Neuvillette had a faint expression on his face, like he'd thought of something funny. There was something the other man knew but wasn't quite revealing, Childe is sure of it. And he's also sure that whether or not Neuvillette revealed it to him depended on how badly Childe wanted to know.]

So the prophecy came true, then. Fontaine flooded.

[Childe had spent the first week back in Snezhnaya asleep and recovering. Very little, if anything, was said to him about the state of Fontaine after his fight with the Narwhal. He'd assumed the Knave and her children more than capable of handling it. And given that she now had the gnosis...]

But you're still Iudex, and there's still court. So. What happened to the citizens, then? Is everyone alright?

[The redhead wonders what exactly happened, after he'd passed out. A glimpse of Skirk, after having desperately tried to enter the Abyss for years just to find her again. Waking up in an unfamiliar place with a nurse trying to take his temperature.

Childe's mind drifts back to the gnosis. It had powered the Oratrice, and had not been inside Furina or with Neuvillette after all.]

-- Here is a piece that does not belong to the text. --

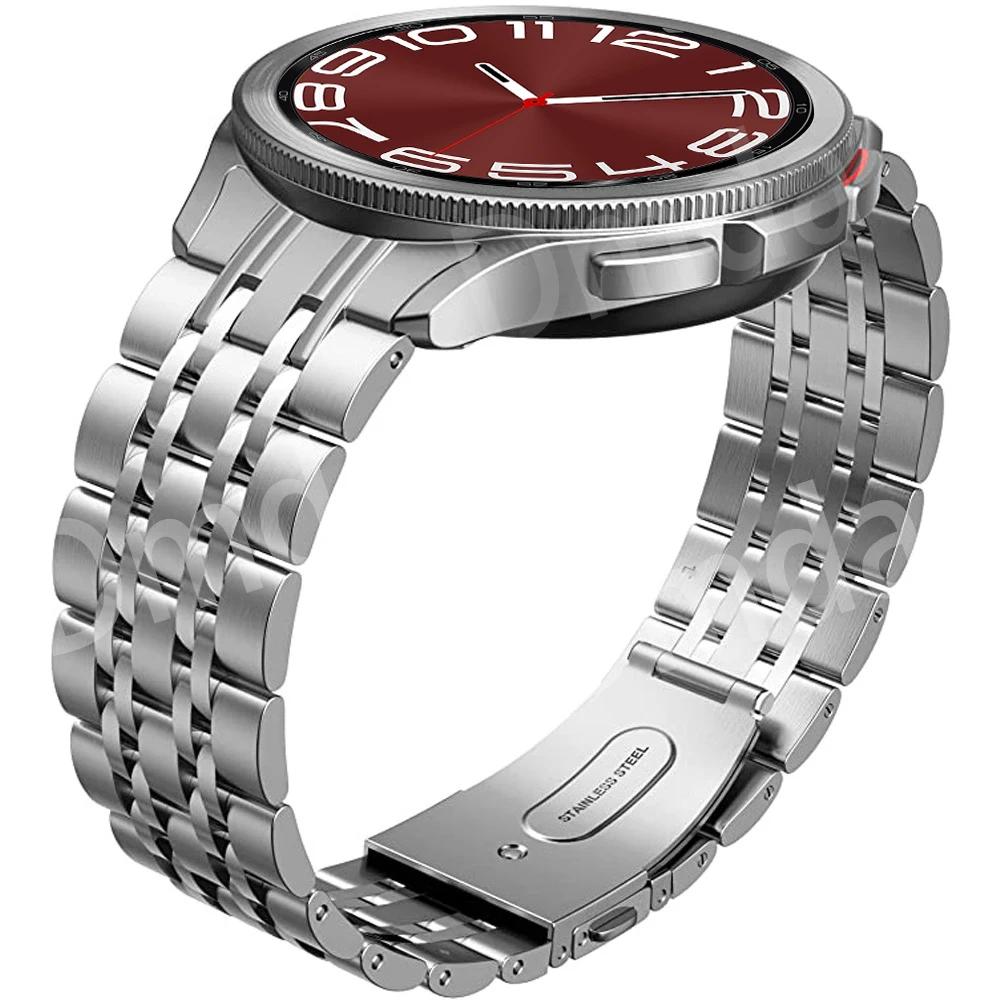 

Curved end Original Metal Strap For Samsung Galaxy Watch 6 5 Pro 40 44mm Band Watch 6 4 Classic 47 43mm Stainless Steel Bracelet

So the... gnosis declared me guilty?

[Or had it been Furina? She was a known stage actor.... But the gnoses weren't wholly connected to the archons that held them, right? They were passed from archon to archon.

His mind shifts to that strange guy in the wide brimmed hat that was also on the ship, the warnings about being careful with his family. Childe was not made for this weird political struggle between gods. He just wanted to knock heads together and get the daylights beat out of him for fun, and see how well he fared against each nation's most powerful warriors. Yes he wanted to see the Tsaritsa's plan through, but he had no real love for playing power games between nations.

The gnoses were somehow connected to... Celestia. And tied very deeply into the Tsaritsa's plan to topple it.

Maybe the fatuus' thinking was too grand. He was just another pawn to be used, after all, and everyone who ended up with his piece was more than happy to borrow it from the Tsaritsa for a bit. If he hadn't stayed in Fontaine, he wouldn't have been able to find the Narwhal. It wouldn't have called to him, if he weren't already close to the Primordial Sea at the time. It would have just attacked the city.

So he was being used by the gnosis itself. Maybe. Okay, yeah. He'd believe that.]